__PROBLEM STATEMENT__
Exact copies of the records below are needed, free of pictures.

[Start of section]

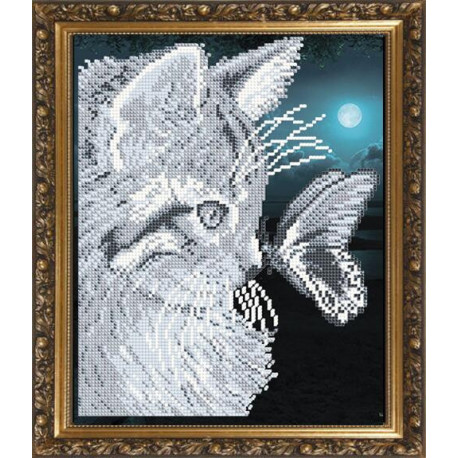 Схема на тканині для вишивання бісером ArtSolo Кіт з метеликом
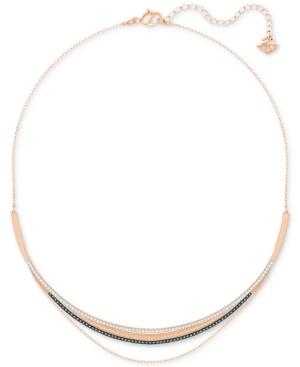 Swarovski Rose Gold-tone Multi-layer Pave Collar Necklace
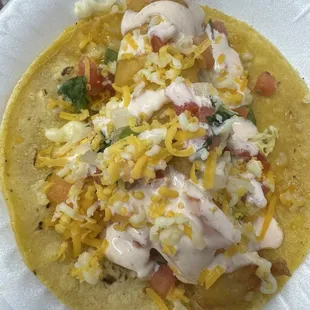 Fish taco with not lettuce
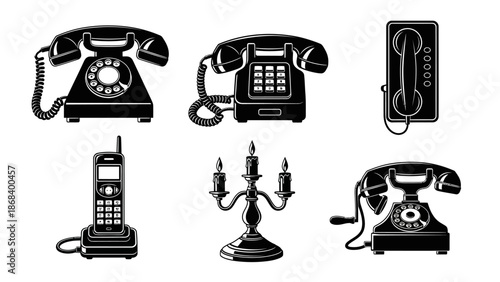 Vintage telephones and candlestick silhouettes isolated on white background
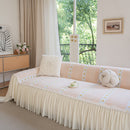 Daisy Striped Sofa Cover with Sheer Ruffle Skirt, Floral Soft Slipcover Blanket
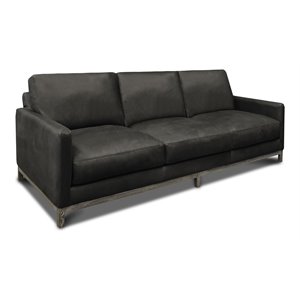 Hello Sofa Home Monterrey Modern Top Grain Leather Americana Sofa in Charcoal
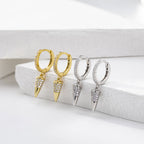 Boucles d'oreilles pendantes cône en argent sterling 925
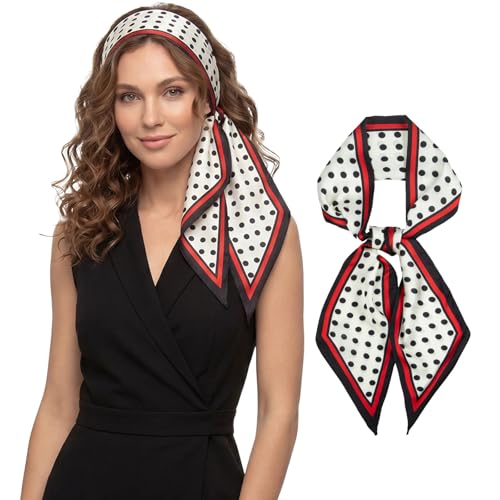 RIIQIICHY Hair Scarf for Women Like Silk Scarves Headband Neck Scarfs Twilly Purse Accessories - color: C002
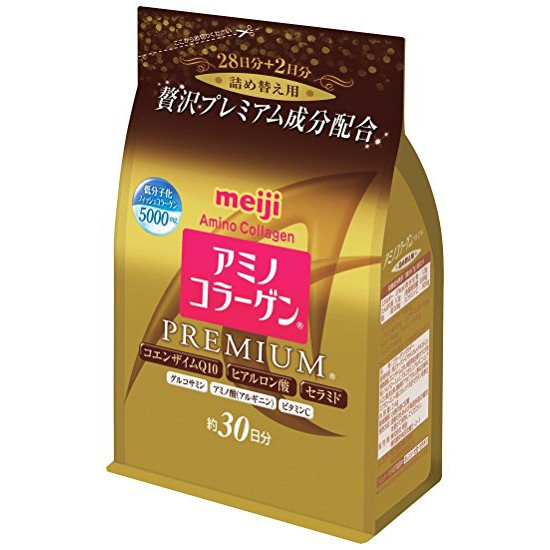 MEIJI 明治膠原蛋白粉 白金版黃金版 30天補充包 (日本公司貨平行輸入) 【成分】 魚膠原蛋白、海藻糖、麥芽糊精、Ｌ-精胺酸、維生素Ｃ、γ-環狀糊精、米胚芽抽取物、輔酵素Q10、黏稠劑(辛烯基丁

[End of section]

__REPLY TO THE TASK__
 Схема на тканині для вишивання бісером ArtSolo Кіт з метеликом
 Swarovski Rose Gold-tone Multi-layer Pave Collar Necklace
 Fish taco with not lettuce
 Vintage telephones and candlestick silhouettes isolated on white background
 Daisy Striped Sofa Cover with Sheer Ruffle Skirt, Floral Soft Slipcover Blanket
 Hello Sofa Home Monterrey Modern Top Grain Leather Americana Sofa in Charcoal
 Boucles d'oreilles pendantes cône en argent sterling 925
 RIIQIICHY Hair Scarf for Women Like Silk Scarves Headband Neck Scarfs Twilly Purse Accessories - color: C002
 MEIJI 明治膠原蛋白粉 白金版黃金版 30天補充包 (日本公司貨平行輸入) 【成分】 魚膠原蛋白、海藻糖、麥芽糊精、Ｌ-精胺酸、維生素Ｃ、γ-環狀糊精、米胚芽抽取物、輔酵素Q10、黏稠劑(辛烯基丁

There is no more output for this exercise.